Electric trucks are also quieter and easier to drive than their ICE counterparts. That should be a key consideration for trucking companies because North America’s commercial truck driver shortage is estimated at around 80,000 today and is projected to hit closer to 160,000 over the next five years. Attracting new drivers is going to take more than higher wages.
Vancouver’s RR Plett Trucking recently added two new battery-electric trucks to its 120-truck fleet. The company’s push to decarbonize its operations is part of the rationale, but the company also notes that electric trucks “provide a more stable cost structure due to lower fuel and maintenance costs.”
However, commercial truckers are not alone on Electric Avenue.
More car buyers are joining them as prices drop, and a wider range of models and price points are added to the market.
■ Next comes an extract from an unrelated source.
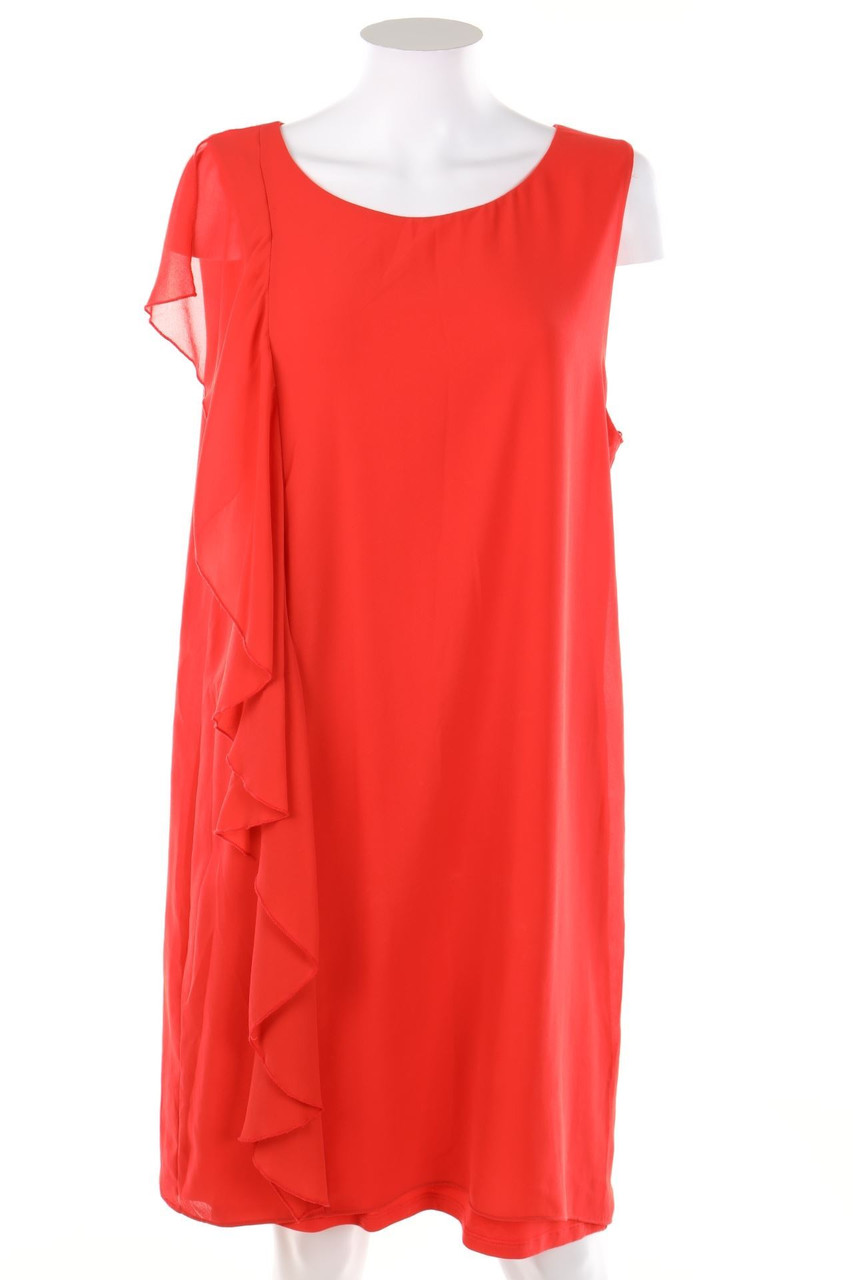 NAF NAF - Kleid mit Volants - XL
The U.S. tariff and trade war with the rest of the world is doing its best to discourage EV adoption, especially in America.
Meanwhile, B.C.’s NDP government has decided to pull the plug on the province’s EV rebate program. Its CleanBC Go Electric Vehicle Rebate Program will be paused starting May 15. Gone with the program will be up to $4,000 in rebates that promote EV sales in the province. The federal government paused its EV rebate program in January.
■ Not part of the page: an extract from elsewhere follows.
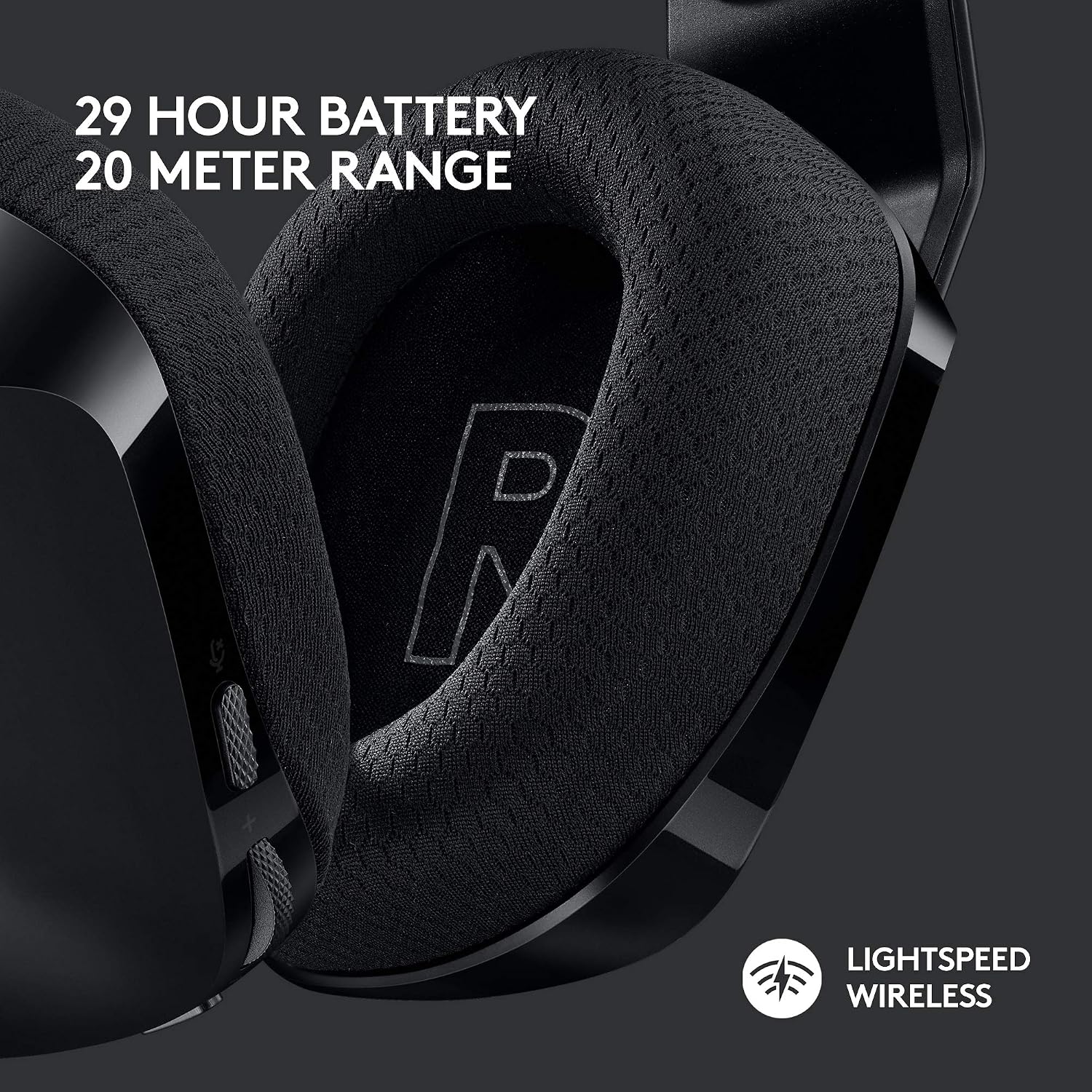 Detalle de Logitech G733 Wireless Gaming Headset 29h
So, no surprise that the North American market share for new EVs dropped in March to just under 7%.
That is according to Cox Automotive’s most recent EV market monitor [https://www.coxautoinc.com/market-insights/ev-market-monitor-march-2025/].
What is surprising, however, is that, according to the U.S.-based automotive services company’s numbers, year-over-year March sales volume for new EVs increased by 8.2% while Q1 2025 numbers show an overall 11.4% increase compared with Q1 2024.
Sales in March’s used EV market jumped 45% compared with March 2024; however, Cox noted that used EVs accounted for only 2% of the overall used vehicle market in the U.S.
Price remains an obstacle to entry in the U.S. Cox listed the average transaction price (ATP) for new electric vehicles at US$59,205. That was up 3.8% from February and 4.4% compared with March 2024. Its report added that the EV price premium over ICE vehicles increased to US$12,229.
The higher initial EV-buying cost is also one of the factors contributing to a decrease in the interest of non-EV owners in buying an EV for their next vehicle, according to a recent AutoTrader survey. The survey of Canadian car owners found that interest had declined from 68% of respondents in 2022 to 56% in 2023.
Still, initial outlay aside, annual EV operating and maintenance costs are 40% or more lower than their ICE counterparts. That’s how the maintenance mathematics adds up when your vehicle has 20 to 25 moving parts compared with 200 to 2,000.
The U.S. tariff war is working hard to eliminate more affordable Asian EV options from the North American market.
Its tariffs and the politically motivated domestic terrorism targeting Elon Musk’s Tesla [Nasdaq:TSLA] dealers and car owners are destroying America’s EV technology lead and the country’s world-leading EV company, which reported a 71% drop in profit in Q1 2025 compared with Q1 2024
But the EV revolution soldiers on.
The market will decide how fast it progresses along Electric Avenue. Battery technology, recharging infrastructure availability and mobility marketplace business case viability will determine the revolution’s speed limit.